The recent attacks on Etmanov have been followed by several other attacks on Russian social activists.  On 13 November, Sergei Fedotov, the leader of Deceived Land Shareholders, was attacked in the village of Mikhalevo.  Two young men beat Fedotov with baseball bats as he exited his car.  That same day, Mikhail Beketov, a editor-in-chief for Khimkinskaya pravda was beaten half to death.  Beketov has been an outspoken opponent of efforts to prevent the clearing of the Khimki Forest. Finally, since three is the magic number, French sociologist and activist Carine Clement was assaulted in Moscow after she participated in a round table discussion at Bilingua Club.  According to her, two men ran up to her and stabbed her with a syringe containing an unknown substance.  This was the third attack on Clement this month.  She was beaten and mugged two weeks ago near her Moscow home. The second occurred on 12 November when she was verbally assaulted and spat upon by an unknown assailant.  Clement is the director of the Institute of Collective Action in Moscow which fights for housing and labor rights.

Is this part of a growing trend?  Merely the sign of the times?

A statement (translated by Chto delat) from Collective Action in response to the series of attacks explains them as follows:

Recently, criminal attacks against the leaders of trade union and social movements have clearly increased. Among the latest such incidents, we should note the attacks against Carine Clément, a member of the working group and a leader of the Union of Coordinating Councils; Alexei Etmanov, leader of the labor union at Ford-Vsevolozhsk; Mikhail Beketov, leader of the movement to defend the Khimki Forest; and Sergei Fedotov, leader of the deceived land shareholders of the Moscow Region. In addition, a great many activists fighting the infill construction that is happening in all our cities have been attacked. There have been murders, in particular, of antifascist activists.
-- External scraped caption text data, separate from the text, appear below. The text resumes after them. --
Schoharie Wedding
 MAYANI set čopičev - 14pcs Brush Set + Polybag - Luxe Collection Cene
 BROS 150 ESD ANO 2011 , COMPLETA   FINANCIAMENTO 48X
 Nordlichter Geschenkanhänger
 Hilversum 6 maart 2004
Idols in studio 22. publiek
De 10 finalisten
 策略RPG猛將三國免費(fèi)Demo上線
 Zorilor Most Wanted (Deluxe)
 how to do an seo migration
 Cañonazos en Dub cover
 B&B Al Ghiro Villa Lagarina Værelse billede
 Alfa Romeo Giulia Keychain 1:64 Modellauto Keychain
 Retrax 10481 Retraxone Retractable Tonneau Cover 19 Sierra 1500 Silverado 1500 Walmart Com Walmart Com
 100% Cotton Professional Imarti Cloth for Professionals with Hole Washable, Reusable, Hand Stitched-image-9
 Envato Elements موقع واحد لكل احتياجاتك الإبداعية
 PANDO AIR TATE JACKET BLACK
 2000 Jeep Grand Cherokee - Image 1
This is not a random phenomenon, but a clear trend: active citizens who try to restore justice and defend their legal rights are more and more often subjected to brute force. With no other arguments at its disposal, the opposite resorts to criminal methods. While it is clear that in each situation it is a different group of people who commissions these crimes, the overall tendency demonstrates that excellent conditions for the further escalation of this brutal method of “social dialogue” have been created in Russia today. These conditions include lawlessness, the lack of criminal liability for violations of the law by state officials or members of the ruling elite, universal corruption, and the hypercentralization of authority in the absence of any form of control from below. Many cases of “political” attacks on activists have still not been investigated, and the guilty parties not be found, which gives the assailants a sense of impunity and thus provokes further crimes.

We say, Enough!

We demand a maximally thorough and swift investigation of all assaults against all social activists, the transfer of these cases into a separate category, and the creation of a special investigative group within the Ministry of the Interior. We also demand that the public be kept informed about the course of these investigations.

We demand that the assailants be punished according to law whatever high-ranking patrons might support them.

We declare that we will not be intimidated by the method of violence and terror. We will continue our struggle for the social rights of our country’s citizens.

We appeal to the state authorities, who position themselves as the guarantee of “public order,” to make sure that “public order” is not violated by government officials. As it is, all we observe now is the arrests of old women and young activists at various assemblies, demonstrations or strikes, while we hear very little about arrests of corrupt state officials or unscrupulous employers. Down with this politics of double standards!

We declare that, given the situation, we consider it our right to use methods of self-defense and that we will use all possible means to assist and protect our comrades.